**Your instructions**
From the entries that follow, copy exactly the lines beginning at the line holding "Toyota Camry SE" and continuing through the line holding "ISLE OF NORMANDY MIAMI VI - Residential".

**Source material**
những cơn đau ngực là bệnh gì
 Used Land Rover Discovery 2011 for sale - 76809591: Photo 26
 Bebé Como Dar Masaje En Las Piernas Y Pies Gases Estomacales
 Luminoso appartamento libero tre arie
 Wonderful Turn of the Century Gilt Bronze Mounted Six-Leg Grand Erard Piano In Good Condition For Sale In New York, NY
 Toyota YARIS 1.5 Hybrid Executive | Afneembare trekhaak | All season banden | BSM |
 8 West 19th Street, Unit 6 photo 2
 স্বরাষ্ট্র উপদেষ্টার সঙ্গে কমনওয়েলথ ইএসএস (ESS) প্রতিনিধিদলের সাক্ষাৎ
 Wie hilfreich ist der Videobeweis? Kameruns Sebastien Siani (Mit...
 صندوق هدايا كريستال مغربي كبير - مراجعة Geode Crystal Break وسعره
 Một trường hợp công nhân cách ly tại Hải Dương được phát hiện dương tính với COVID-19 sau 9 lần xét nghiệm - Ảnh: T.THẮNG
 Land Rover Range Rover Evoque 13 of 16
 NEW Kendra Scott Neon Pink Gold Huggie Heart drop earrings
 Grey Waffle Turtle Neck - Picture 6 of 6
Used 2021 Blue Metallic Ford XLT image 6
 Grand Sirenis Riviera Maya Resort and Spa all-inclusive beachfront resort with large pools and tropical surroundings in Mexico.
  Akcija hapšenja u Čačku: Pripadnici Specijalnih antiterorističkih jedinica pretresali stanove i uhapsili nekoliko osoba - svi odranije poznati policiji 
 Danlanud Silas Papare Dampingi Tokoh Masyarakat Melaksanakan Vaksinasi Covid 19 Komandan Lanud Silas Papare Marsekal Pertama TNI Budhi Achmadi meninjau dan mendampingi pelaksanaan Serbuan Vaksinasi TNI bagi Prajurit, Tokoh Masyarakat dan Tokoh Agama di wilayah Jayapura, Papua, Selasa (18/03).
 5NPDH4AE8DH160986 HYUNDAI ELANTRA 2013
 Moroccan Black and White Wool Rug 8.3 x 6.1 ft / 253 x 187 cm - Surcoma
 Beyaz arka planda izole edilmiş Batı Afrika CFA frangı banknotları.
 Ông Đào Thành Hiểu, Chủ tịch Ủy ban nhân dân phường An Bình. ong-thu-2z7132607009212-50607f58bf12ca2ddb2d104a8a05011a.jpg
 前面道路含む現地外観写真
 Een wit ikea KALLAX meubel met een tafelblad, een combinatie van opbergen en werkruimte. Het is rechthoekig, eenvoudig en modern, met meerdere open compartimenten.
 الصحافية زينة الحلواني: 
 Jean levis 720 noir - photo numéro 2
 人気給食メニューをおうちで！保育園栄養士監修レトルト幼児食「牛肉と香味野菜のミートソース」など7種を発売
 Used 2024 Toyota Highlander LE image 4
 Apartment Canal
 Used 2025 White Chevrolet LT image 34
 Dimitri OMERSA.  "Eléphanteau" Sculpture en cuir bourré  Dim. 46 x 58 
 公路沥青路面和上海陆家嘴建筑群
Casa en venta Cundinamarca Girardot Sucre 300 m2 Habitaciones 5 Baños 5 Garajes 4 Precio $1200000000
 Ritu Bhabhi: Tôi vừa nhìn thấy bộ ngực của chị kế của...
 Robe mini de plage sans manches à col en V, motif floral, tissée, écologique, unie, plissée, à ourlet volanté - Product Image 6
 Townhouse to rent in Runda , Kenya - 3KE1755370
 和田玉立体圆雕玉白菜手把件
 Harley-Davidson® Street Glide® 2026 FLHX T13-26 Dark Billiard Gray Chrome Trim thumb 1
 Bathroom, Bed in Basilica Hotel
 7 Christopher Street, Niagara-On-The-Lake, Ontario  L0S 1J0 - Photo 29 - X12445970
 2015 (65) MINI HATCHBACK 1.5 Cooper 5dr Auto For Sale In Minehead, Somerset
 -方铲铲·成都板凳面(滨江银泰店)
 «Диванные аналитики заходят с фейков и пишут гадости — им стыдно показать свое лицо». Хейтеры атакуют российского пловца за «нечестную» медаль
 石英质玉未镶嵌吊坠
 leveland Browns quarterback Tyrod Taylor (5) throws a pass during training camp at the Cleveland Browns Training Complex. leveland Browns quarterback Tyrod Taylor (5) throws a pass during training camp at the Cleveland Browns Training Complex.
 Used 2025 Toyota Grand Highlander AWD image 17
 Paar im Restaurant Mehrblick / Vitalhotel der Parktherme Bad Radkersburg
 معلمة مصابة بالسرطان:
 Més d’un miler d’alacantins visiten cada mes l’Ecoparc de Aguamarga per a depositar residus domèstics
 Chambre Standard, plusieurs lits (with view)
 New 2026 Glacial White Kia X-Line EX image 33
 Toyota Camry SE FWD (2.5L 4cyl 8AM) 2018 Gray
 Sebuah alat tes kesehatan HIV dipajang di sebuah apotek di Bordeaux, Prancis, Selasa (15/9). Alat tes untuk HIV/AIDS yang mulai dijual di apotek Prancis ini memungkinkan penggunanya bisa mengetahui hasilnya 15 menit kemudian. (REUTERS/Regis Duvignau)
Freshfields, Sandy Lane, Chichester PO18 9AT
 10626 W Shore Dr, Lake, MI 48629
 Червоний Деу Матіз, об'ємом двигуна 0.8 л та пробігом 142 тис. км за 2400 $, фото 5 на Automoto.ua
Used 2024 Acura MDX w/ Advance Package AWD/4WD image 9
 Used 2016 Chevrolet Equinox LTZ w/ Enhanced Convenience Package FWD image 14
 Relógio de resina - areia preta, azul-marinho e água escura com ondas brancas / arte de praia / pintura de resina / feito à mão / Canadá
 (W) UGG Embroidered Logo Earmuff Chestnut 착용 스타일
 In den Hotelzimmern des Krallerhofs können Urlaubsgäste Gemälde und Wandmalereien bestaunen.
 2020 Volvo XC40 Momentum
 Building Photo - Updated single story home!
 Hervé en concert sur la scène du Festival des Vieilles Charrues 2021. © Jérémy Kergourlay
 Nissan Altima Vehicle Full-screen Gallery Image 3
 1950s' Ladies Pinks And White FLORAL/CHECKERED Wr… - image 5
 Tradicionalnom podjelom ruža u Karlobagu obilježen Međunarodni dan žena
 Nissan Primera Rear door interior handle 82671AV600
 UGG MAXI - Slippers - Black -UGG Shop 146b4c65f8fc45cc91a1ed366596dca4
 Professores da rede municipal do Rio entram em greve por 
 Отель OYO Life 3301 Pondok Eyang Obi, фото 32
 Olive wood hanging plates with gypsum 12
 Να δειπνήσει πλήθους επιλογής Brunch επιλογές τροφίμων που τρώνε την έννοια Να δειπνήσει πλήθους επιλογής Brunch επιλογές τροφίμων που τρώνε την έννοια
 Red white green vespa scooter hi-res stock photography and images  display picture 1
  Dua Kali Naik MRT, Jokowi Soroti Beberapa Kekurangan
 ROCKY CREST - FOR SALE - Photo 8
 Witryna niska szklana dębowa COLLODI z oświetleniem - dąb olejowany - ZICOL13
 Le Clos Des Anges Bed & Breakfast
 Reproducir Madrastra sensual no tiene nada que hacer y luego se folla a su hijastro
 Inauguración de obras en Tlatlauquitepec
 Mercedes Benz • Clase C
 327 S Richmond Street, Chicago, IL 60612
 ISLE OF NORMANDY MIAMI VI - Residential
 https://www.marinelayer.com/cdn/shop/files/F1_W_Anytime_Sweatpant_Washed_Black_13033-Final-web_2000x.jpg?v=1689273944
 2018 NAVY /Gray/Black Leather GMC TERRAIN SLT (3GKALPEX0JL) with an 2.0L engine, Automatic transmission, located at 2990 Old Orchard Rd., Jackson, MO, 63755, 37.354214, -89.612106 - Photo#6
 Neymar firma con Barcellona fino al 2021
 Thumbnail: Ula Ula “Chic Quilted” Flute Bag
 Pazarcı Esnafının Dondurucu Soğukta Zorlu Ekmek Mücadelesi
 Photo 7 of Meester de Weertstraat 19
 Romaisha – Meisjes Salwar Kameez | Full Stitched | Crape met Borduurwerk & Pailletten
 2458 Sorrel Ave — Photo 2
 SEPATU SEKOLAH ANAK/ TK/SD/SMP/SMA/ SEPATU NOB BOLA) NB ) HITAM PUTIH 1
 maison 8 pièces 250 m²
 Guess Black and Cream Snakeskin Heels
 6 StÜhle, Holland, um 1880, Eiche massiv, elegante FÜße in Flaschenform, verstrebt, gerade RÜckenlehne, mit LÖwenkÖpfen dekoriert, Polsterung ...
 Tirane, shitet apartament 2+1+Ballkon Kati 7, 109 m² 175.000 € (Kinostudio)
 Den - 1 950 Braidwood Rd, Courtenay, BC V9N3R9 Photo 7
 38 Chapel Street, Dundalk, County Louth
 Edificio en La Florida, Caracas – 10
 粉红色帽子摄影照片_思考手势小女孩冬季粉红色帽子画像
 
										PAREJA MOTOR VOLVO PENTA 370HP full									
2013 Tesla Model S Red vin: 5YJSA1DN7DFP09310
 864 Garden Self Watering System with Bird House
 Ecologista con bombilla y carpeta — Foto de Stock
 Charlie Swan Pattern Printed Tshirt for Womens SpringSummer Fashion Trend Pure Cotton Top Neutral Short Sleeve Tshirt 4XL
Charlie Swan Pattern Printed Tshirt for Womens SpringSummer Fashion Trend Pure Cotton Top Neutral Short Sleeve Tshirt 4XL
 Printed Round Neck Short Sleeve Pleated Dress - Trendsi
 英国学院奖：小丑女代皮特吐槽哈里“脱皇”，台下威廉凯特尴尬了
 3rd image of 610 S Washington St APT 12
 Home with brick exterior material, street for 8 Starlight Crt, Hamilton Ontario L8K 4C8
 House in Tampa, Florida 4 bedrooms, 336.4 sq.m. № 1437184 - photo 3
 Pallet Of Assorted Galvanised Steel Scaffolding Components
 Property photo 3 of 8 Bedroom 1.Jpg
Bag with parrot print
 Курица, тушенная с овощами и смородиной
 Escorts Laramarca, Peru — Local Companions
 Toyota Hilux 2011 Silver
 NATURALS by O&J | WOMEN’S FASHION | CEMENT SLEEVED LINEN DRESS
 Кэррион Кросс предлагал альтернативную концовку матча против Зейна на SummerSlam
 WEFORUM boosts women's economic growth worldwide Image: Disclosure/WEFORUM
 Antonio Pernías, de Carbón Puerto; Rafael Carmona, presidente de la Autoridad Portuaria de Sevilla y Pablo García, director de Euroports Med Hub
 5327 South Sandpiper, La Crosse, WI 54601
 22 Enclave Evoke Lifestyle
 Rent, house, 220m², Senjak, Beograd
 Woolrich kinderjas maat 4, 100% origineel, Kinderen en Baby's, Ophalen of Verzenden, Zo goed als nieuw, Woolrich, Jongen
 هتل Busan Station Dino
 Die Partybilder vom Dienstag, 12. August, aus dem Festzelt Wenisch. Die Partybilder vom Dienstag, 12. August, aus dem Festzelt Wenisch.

**Output**
 Toyota Camry SE FWD (2.5L 4cyl 8AM) 2018 Gray
 Sebuah alat tes kesehatan HIV dipajang di sebuah apotek di Bordeaux, Prancis, Selasa (15/9). Alat tes untuk HIV/AIDS yang mulai dijual di apotek Prancis ini memungkinkan penggunanya bisa mengetahui hasilnya 15 menit kemudian. (REUTERS/Regis Duvignau)
Freshfields, Sandy Lane, Chichester PO18 9AT
 10626 W Shore Dr, Lake, MI 48629
 Червоний Деу Матіз, об'ємом двигуна 0.8 л та пробігом 142 тис. км за 2400 $, фото 5 на Automoto.ua
Used 2024 Acura MDX w/ Advance Package AWD/4WD image 9
 Used 2016 Chevrolet Equinox LTZ w/ Enhanced Convenience Package FWD image 14
 Relógio de resina - areia preta, azul-marinho e água escura com ondas brancas / arte de praia / pintura de resina / feito à mão / Canadá
 (W) UGG Embroidered Logo Earmuff Chestnut 착용 스타일
 In den Hotelzimmern des Krallerhofs können Urlaubsgäste Gemälde und Wandmalereien bestaunen.
 2020 Volvo XC40 Momentum
 Building Photo - Updated single story home!
 Hervé en concert sur la scène du Festival des Vieilles Charrues 2021. © Jérémy Kergourlay
 Nissan Altima Vehicle Full-screen Gallery Image 3
 1950s' Ladies Pinks And White FLORAL/CHECKERED Wr… - image 5
 Tradicionalnom podjelom ruža u Karlobagu obilježen Međunarodni dan žena
 Nissan Primera Rear door interior handle 82671AV600
 UGG MAXI - Slippers - Black -UGG Shop 146b4c65f8fc45cc91a1ed366596dca4
 Professores da rede municipal do Rio entram em greve por 
 Отель OYO Life 3301 Pondok Eyang Obi, фото 32
 Olive wood hanging plates with gypsum 12
 Να δειπνήσει πλήθους επιλογής Brunch επιλογές τροφίμων που τρώνε την έννοια Να δειπνήσει πλήθους επιλογής Brunch επιλογές τροφίμων που τρώνε την έννοια
 Red white green vespa scooter hi-res stock photography and images  display picture 1
  Dua Kali Naik MRT, Jokowi Soroti Beberapa Kekurangan
 ROCKY CREST - FOR SALE - Photo 8
 Witryna niska szklana dębowa COLLODI z oświetleniem - dąb olejowany - ZICOL13
 Le Clos Des Anges Bed & Breakfast
 Reproducir Madrastra sensual no tiene nada que hacer y luego se folla a su hijastro
 Inauguración de obras en Tlatlauquitepec
 Mercedes Benz • Clase C
 327 S Richmond Street, Chicago, IL 60612
 ISLE OF NORMANDY MIAMI VI - Residential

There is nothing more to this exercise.